Repository and Unit of Work Pattern in Python

In the previous part of this series we built a toy system that could add a new Issue to an IssueLog, but had no real behaviour of its own, and would lose its data every time the application restarted. We're going to extend it a little by introducing some patterns for persistent data access, and talk a little more about the ideas underlying ports and adapters architectures. To recap, we're abiding by three principles:

  1. Clearly define the boundaries of our use cases.
  2. Depend on abstractions, not on concrete implementation.
  3. Identify glue code as distinct from domain logic and put it into its own layer.

In our command handler, we wrote the following code:

reporter = IssueReporter(cmd.reporter_name, cmd.reporter_email)  
issue = Issue(reporter, cmd.problem_description)  
issue_log.add(issue)  

The IssueLog is a term from our conversation with the domain expert. It's the place that they record the list of all issues. This is part of the jargon used by our customers, and so it clearly belongs in the domain, but it's also the ideal abstraction for a data store. How can we modify the code so that our newly created Issue will be persisted? We don't want our IssueLog to depend on the database, because that's a violation of principle #2. This is the question that leads us to the ports & adapters architecture.

In a ports and adapters architecture, we build a pure domain that exposes ports. A port is a way for data to get into, or out of, the domain model. In this system, the IssueLog is a port. Ports are connected to the external world by Adapters. In the previous code sample, the FakeIssueLog is an adapter: it provides a service to the system by implementing an interface.

Let's use a real-world analogy. Imagine we have a circuit that detects current over some threshold. If the threshold is reached, the circuit outputs a signal. Into our circuit we attach two ports, one for current in, and one for current out. The input and output channels are part of our circuit: without them, the circuit is useless.

A circuit board with ports

class ThresholdDetectionCircuit:

    arbitrary_threshold = 4

    def __init__(self, input: ReadablePort, output: WriteablePort):
        self.input = input
        self.output = output

    def read_from_input(self):
        next_value = self.input.read()
        if next_value > self.arbitrary_threshold:
            self.output.write(1)

Because we had the great foresight to use standardised ports, we can plug any number of different devices into our circuit. For example, we could attach a light-detector to the input and a buzzer to the output, or we could attach a dial to the input, and a light to the output, and so on.

class LightDetector(ReadablePort):  
    def read(self):
        return self.get_light_amplitude()

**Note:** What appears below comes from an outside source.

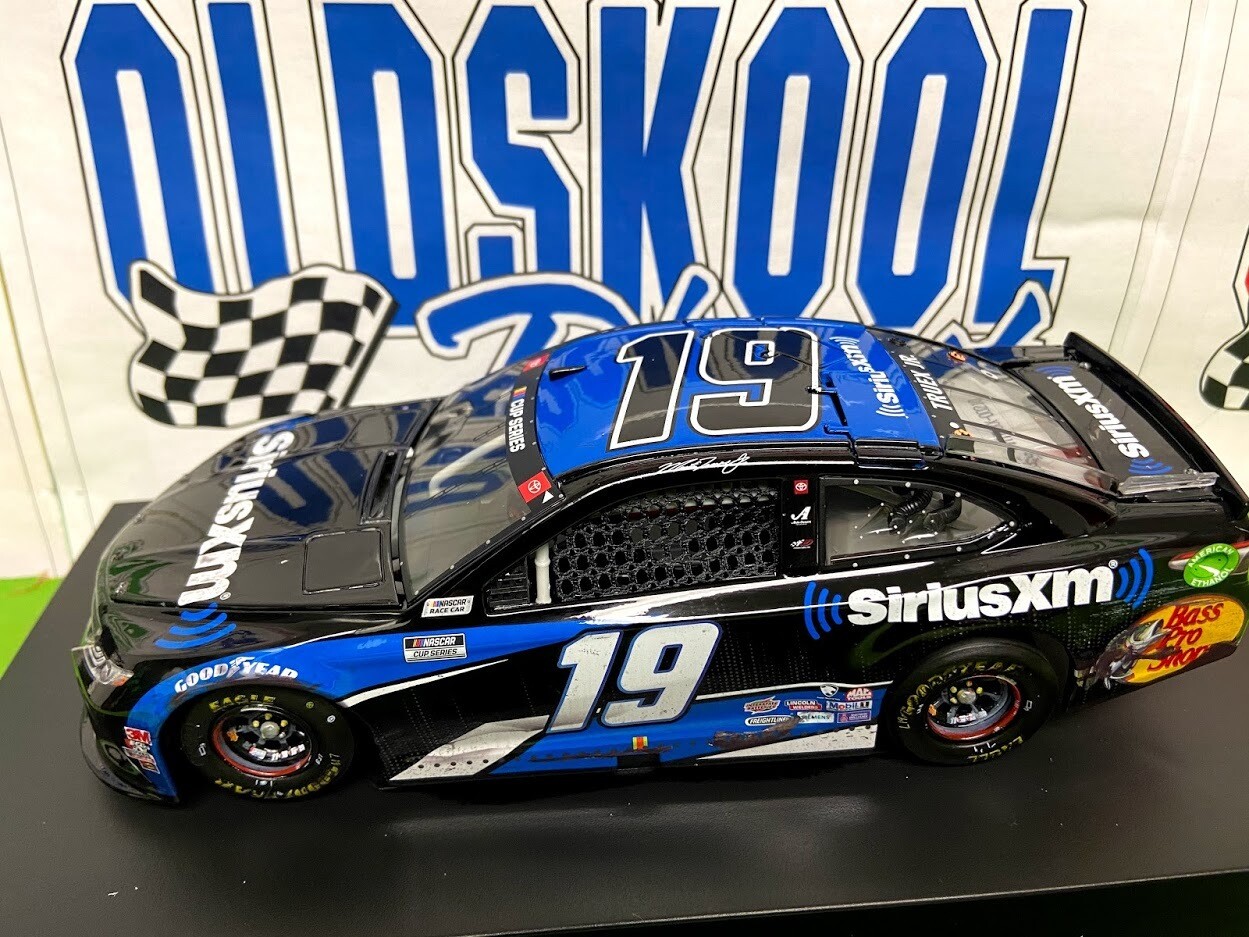 Martin Truex Jr  #19 SiriusXM Martinsville 6/10 Race Win 2020 1:24 scale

class Buzzer(WriteablePort):  
    def write(self, value):
        if value > 0:
            self.make_infuriating_noise()


class Dial(ReadablePort):  
    def read(self):
        return self.current_value

class Light(self):  
    def write(self, value):
        if value > 0:
            self.on = True
        else:
            self.on = False

`

Considered in isolation, this is just an example of good OO practice: we are extending our system through composition. What makes this a ports-and-adapters architecture is the the idea that there is an internal world consisting of the domain model (our ThresholdDetectionCircuit), and an external world that drives the domain model through well-defined ports. How does all of this relate to databases?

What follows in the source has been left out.